While Congress is no stranger to oversight hearings focused on regulating the tech sector, this hearing felt different than the countless others that have been held in recent years – there was unanimous agreement between policymakers and industry that AI technology needs to be regulated in some capacity (albeit there were still differences regarding what exactly this regulation would look like). The hearing was remarkably bipartisan and demonstrated a strong desire for collaboration between the public and private sectors. There was consensus that the federal government should develop strong rules that govern AI’s growing impact on society and deter its negative uses and consequences, while also ensuring that the U.S. remains at the forefront of innovation as countries around the world also accelerate their AI efforts.

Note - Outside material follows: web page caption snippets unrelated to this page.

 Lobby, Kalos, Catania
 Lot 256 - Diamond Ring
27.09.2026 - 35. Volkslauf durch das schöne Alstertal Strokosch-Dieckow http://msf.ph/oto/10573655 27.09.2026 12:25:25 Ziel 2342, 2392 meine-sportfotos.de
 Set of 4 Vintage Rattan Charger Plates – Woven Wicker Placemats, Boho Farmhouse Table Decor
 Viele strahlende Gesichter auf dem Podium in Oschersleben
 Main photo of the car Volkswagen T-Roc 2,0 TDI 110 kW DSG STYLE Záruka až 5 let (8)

At a time when Congress is more divided than ever on a range of topics (including other areas of technology regulation), AI regulation represents an opportunity for potential bipartisan action with significant involvement from industry in developing value-driven standards that can exist over the long-term as AI continues to develop. The hearing showcased several key areas that policymakers and industry alike will have to tackle as policy solutions are being considered:

Creation of an Independent Agency: The hearing highlighted proposals to create an independent regulatory agency that would oversee AI – including R&D, standards development, mitigation tactics against negative impacts, and more. A strong proposal from the hearing was for such an agency to be authorized to provide licenses to AI systems, along with the authority to take a license away for not complying with established safety standards. While there was agreement that such an agency would be pivotal, policymakers will need to consider how such an agency would operate without risking potential overlap with the jurisdiction of other agencies.

Data Privacy: AI and data privacy are two of the most important areas of technological focus for Congress right now, and this hearing highlighted the considerable overlap between these two areas. Members of Congress strongly asserted their desire to establish a national data privacy standard, and there was agreement from the witnesses that they are working to ensure that AI users are able to opt out from having their data used to train AI systems. In developing AI regulation, Congress will have to consider how to integrate privacy concerns across the board and tailor these protocols not only to the AI of today, but also the AI of the future.

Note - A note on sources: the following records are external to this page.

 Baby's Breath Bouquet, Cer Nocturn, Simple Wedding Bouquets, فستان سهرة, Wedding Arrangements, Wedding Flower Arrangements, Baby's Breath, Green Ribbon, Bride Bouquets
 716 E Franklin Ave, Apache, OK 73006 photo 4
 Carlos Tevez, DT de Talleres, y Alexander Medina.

Section 230 and Liability Standards: Throughout the hearing, members from both sides of the aisle discussed their regrets surrounding past regulation of social media companies, stating that they hope to meet the moment on artificial intelligence regulatory action instead of trying to do so retroactively. These concerns especially focused on Section 230 liability protections, which essentially protect social media companies from liability for content posted by independent users on their platforms. Congress will have to consider how to develop a different liability model for AI systems since there is a clear difference between reproduced content posted on social media and the generative content that AI is responsible for.

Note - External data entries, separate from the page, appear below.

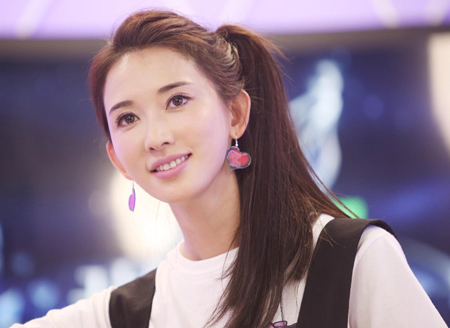 额头低窄面相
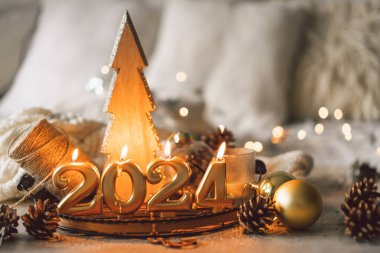 Mutlu yıllar 2024. Noel ağacı, koni ve Noel süslemeleri olan bir Noel arkaplanı. Noel bayramı kutlaması. Yeni yıl konsepti.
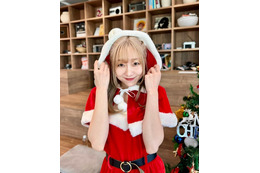 須田亜香里、クリスマス限定のサンタコスを公開しファン喜び「好きになってしまう」 画像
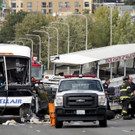 2015-09-24T225911Z_1403027777_GF10000219741_RTRMADP_3_USA-SEATTLE-CRASH.JPG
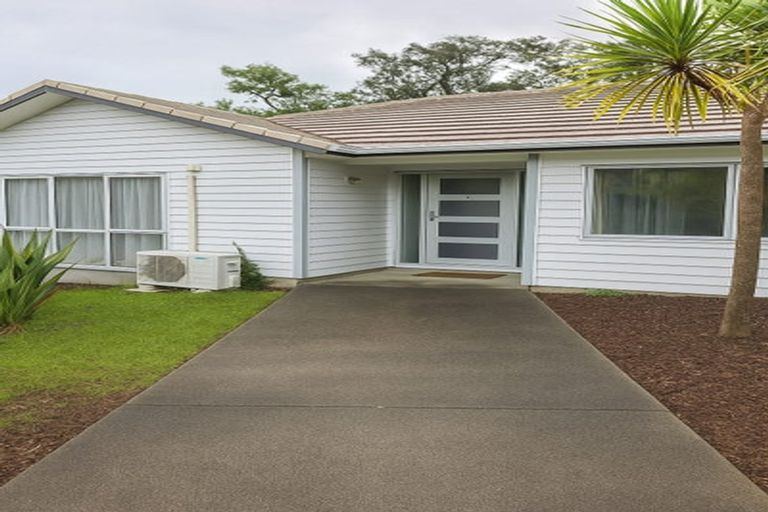Photo of property in 98 Tiriwa Drive, Massey, Auckland, 0614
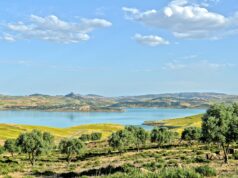 Le Maroc, première destination touristique en Afrique pour les voyageurs français Vue panoramique d'un paysage marocain avec une famille française en vacances, explorant les rues et monuments historiques.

Market Concentration and Antitrust: Policymakers demonstrated their concerns that as Big Tech accelerates research and development efforts for AI systems, there is a high likelihood that this could lead to another bout of corporate concentration within the technology field. Furthermore, there is real innovation on AI taking place within the open source community and among smaller AI research organizations. Policymakers must understand how to ensure that future regulation does not overly burden smaller entities that do not have the necessary resources to comply with strict regulations that hamper innovation.

Transparency and Disclosure: In discussing the need for enforcement of AI protocols, witnesses and lawmakers alike highlighted the need for greater transparency regarding what AI systems are trained on – stating that this data provides crucial insight into how the AI model works and the biases that are in turn developed within the system. It is clear that policymakers will need to incorporate standards regarding transparency and data disclosure when developing future regulation.

Addressing AI’s Impacts: Lastly, but perhaps most importantly, there are increasingly pervasive fears surrounding the harmful consequences that AI can have on society – especially related to education and copyright, elections workforce opportunities, misinformation/disinformation, cybersecurity, human rights, and more. While this is the most daunting area of consideration, it is vital that policymakers arm forthcoming regulation with the necessary enforcement mechanisms and resources to protect against these harms.